Enlarge Screenshot Create materials for each element of the plane; the hull and wings, windows, engine intake, propeller nose, tyres (etc). Select these individual elements in polygon sub-object mode and assign the materials to the selected polygons. Open the render dialogue and change the renderer to Flash Renderer. Change the style from the Global Settings menu to your own tastes and render off the scene.
Enlarge Screenshot We can also export this model to Shockwave by selecting Publish Shockwave from the File menu. In the Export Options box, amend the compression settings as desired (not much compression would be required due to the model having a low poly count). Enter a filename and export the model. Check on View after Export if required to see the model in a Shockwave window.


Although this tutorial is designed for Plasma, users of 3ds max 4 and above should have no trouble reproducing it’s steps. Unfortunately, unless you also own Plasma, you will not be able to perform the Shockwave export or Flash rendering steps at the end of this tutorial.

If you feel like it is going to take you longer than two hours to follow this tutorial, split it up into chunks. The demo version of Plasma is time limited to 2 hours per day, so use the time wisely! You don’t want to be half-way through a process when your time runs out!

Be warned that if you want to bring the resulting model into 3ds max at a later date, you will have to model the plane in max itself. 3ds max does not support the Plasma file type, yet Plasma will import a 3ds max file.

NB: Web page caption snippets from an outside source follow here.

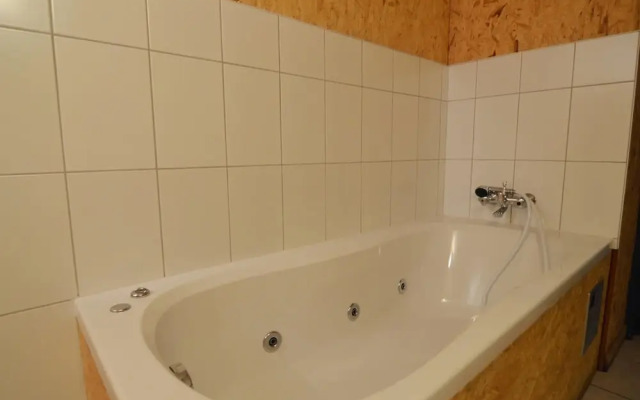 Beautiful Holiday Home in Malmedy-beverce With Sauna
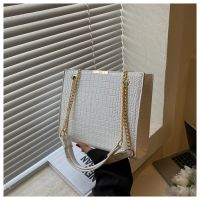 Retro Texture Crossbody Bags for Women 2023New Korean Casual Chain Shoulder Messenger Bag Large Capacity Tote Bag Handbags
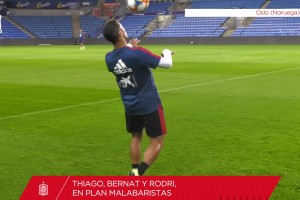 簡直就像踢毽子！蒂亞戈、貝爾納特、羅德里當(dāng)年的超遠(yuǎn)長傳練習(xí)！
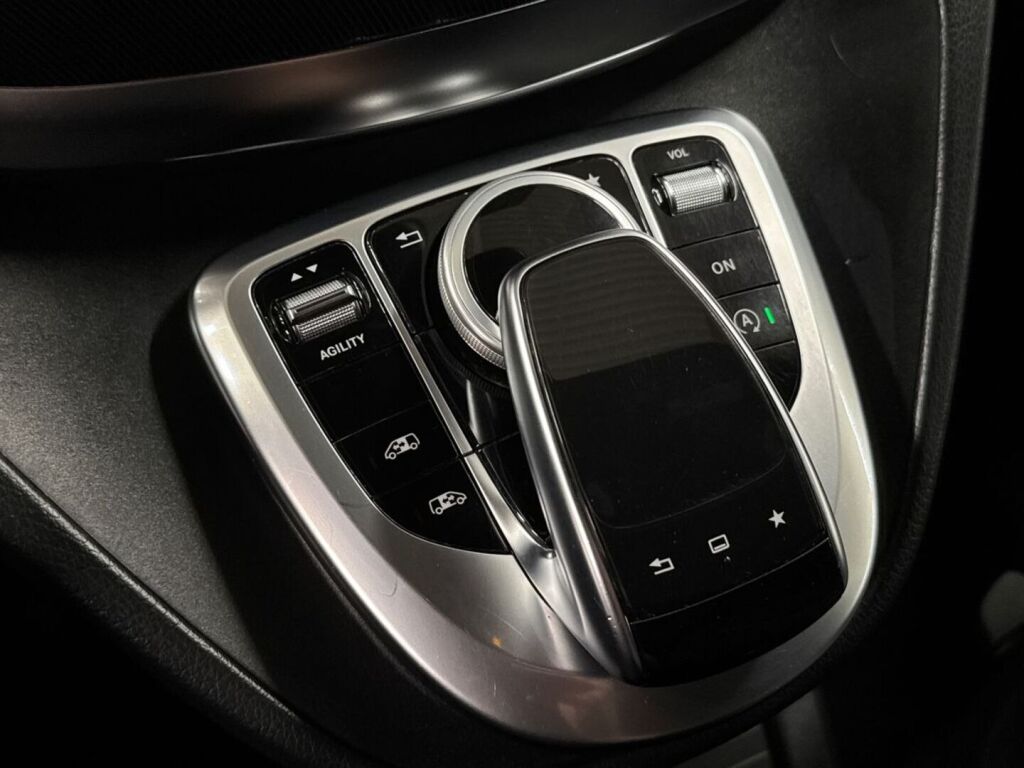 Mercedes-Benz V 2014 Valkoinen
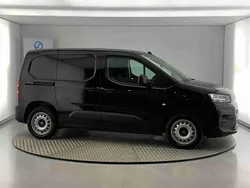 Preto Usado 2024 Opel Combo Monovolume | € 19.990 (Preço justo)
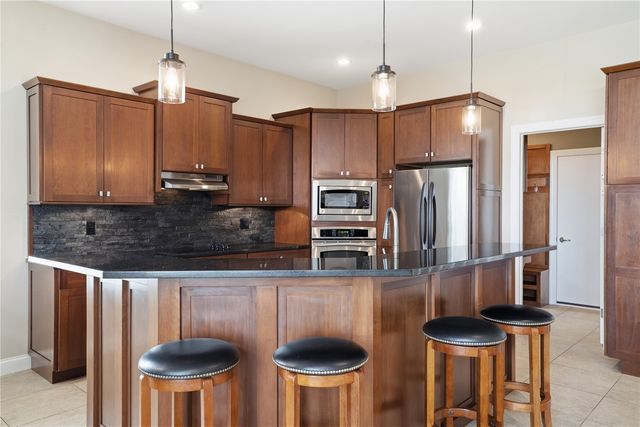 2360 Grey Wolf, Hiawatha, IA 52233
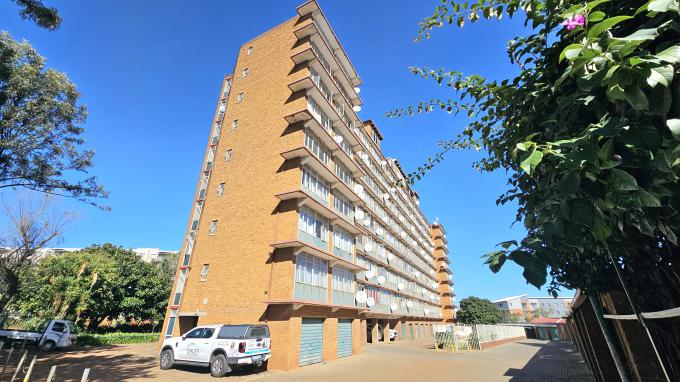 2 Bedroom Apartment for Sale For Sale in Weavind Park - MR716930
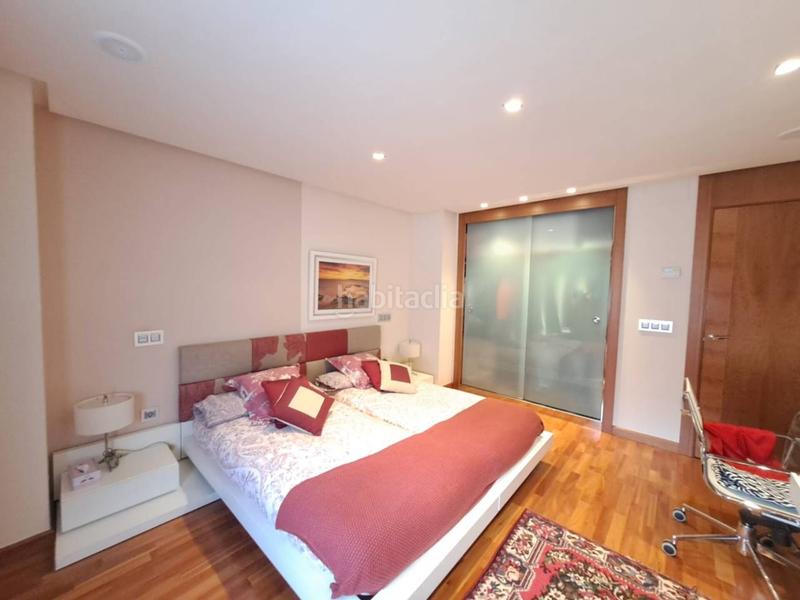 Foto 826a7512-c3a8-432a-8a72-40301bc6065d. Casa adosada impresionante chalet con jardin y terrazas en la quinta en Burgos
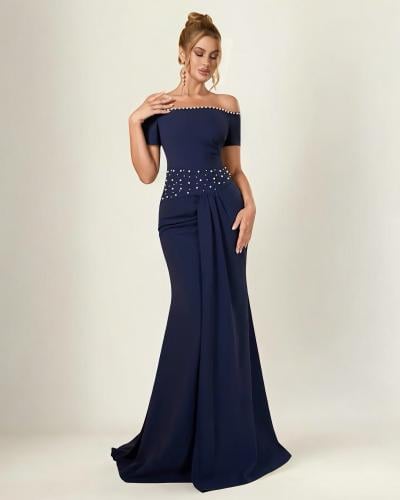 فستان سهرة بأكمام قصيرة مكشوف الكتفين ومزين باللؤل...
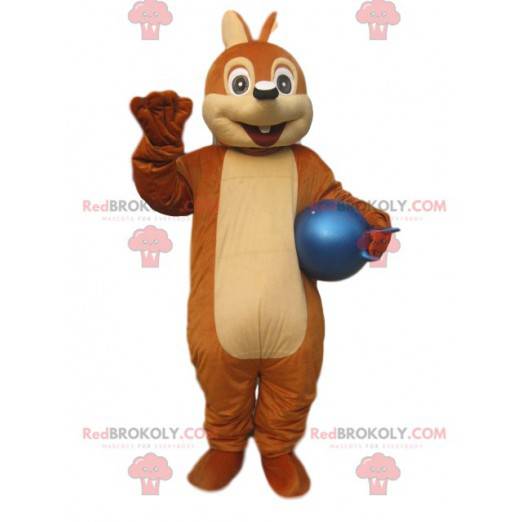 Mascote pequeno esquilo marrom com um balão azul -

As Plasma is designed for the web developer, it’s user interface is tailored for these needs. Existing 3ds max users will notice a similarity, yet will wonder where some items have gone! Think Photoshop or Dreamweaver user interface and all will be well.

For the Flash render, add extra detail to the scene by creating some basic Special Effect. Tracer fire can be easily created using a simple particle system, with the speed cranked up and with a small surface area. Link this to the Plane’s gun turrets and as the plane is animated around the scene, the particles will be emitted. However, particles are not supported by the Shockwave exporter.

Smoke trails can be created using simple tapered cylinders or cones with a noise modifer added to randomise the positions of the vertices. Again, if this modifier is animated, the Shockwave exporter will not support the animation. Check the manual for more information about Shockwave export limitations.

Initially published: Computer Arts Special magazine, Issue 37, September 2002.